## [WORK INSTRUCTION]
Each line below from the "A fine early" line through the "The gilded case" line, those two included, must be restated word for word; the pictures must not be.

## [STORED DATA]
○ ○ ○ ○ ○

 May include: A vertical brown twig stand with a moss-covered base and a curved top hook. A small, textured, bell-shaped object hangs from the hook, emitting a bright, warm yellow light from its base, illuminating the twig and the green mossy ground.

○ ○ ○ ○ ○

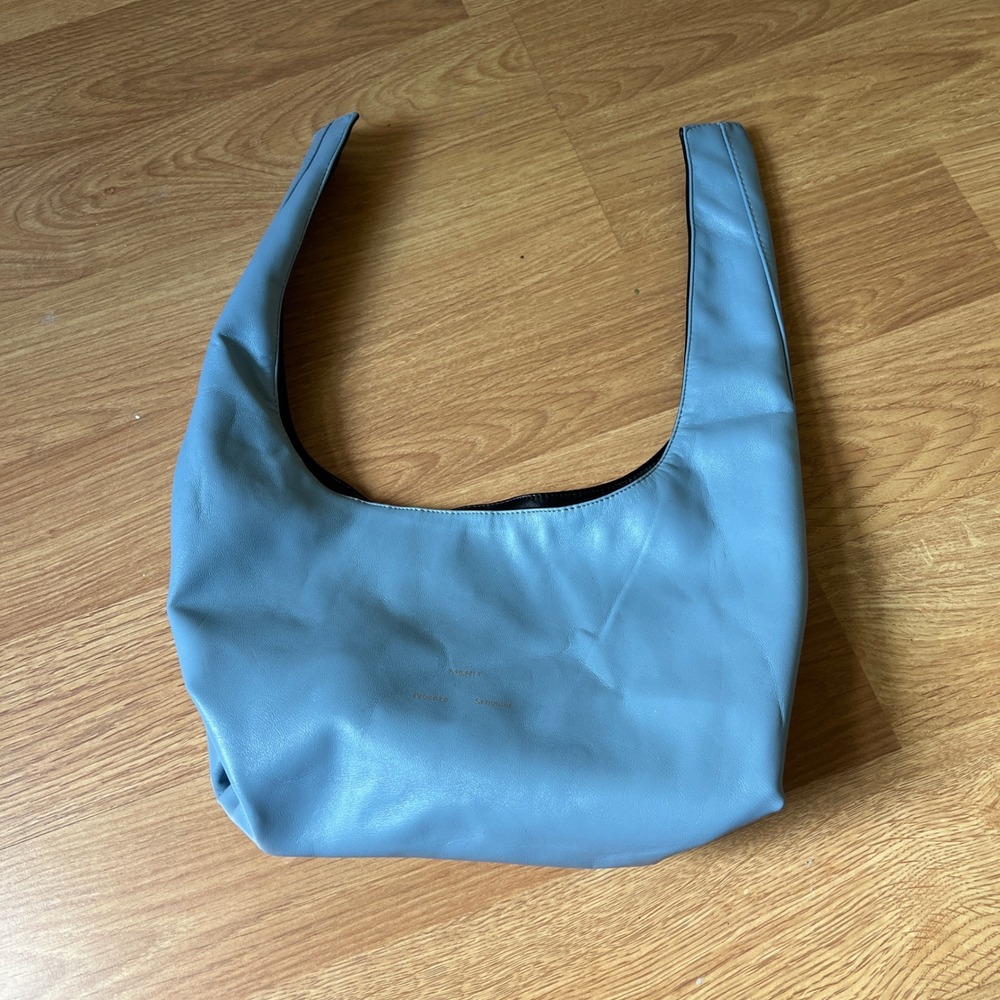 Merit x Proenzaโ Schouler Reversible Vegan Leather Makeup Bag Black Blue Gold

○ ○ ○ ○ ○

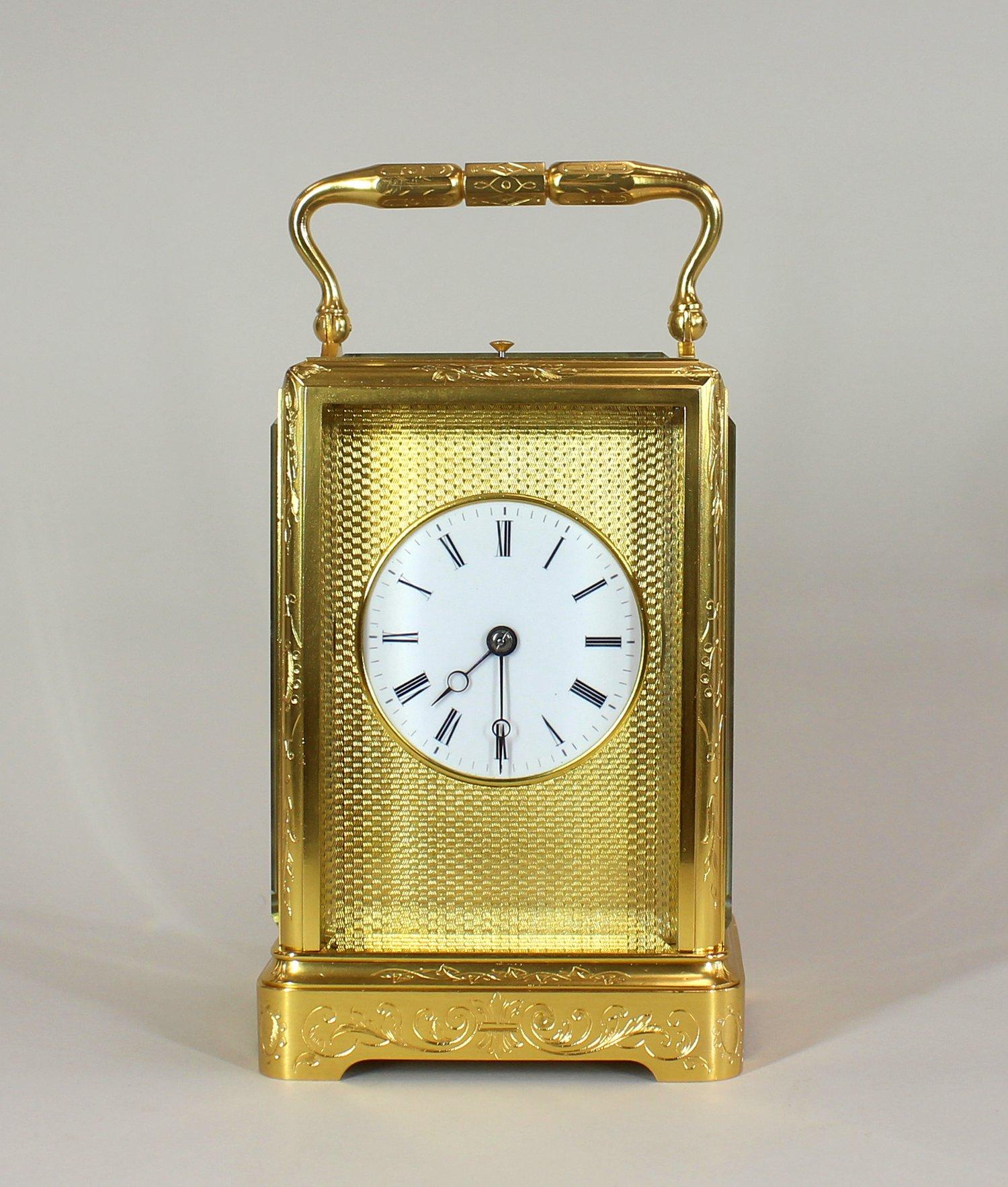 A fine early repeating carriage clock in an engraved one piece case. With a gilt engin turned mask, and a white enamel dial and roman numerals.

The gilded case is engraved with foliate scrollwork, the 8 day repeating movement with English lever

○ ○ ○ ○ ○

## [COMPLETED EXERCISE]
 A fine early repeating carriage clock in an engraved one piece case. With a gilt engin turned mask, and a white enamel dial and roman numerals.

The gilded case is engraved with foliate scrollwork, the 8 day repeating movement with English lever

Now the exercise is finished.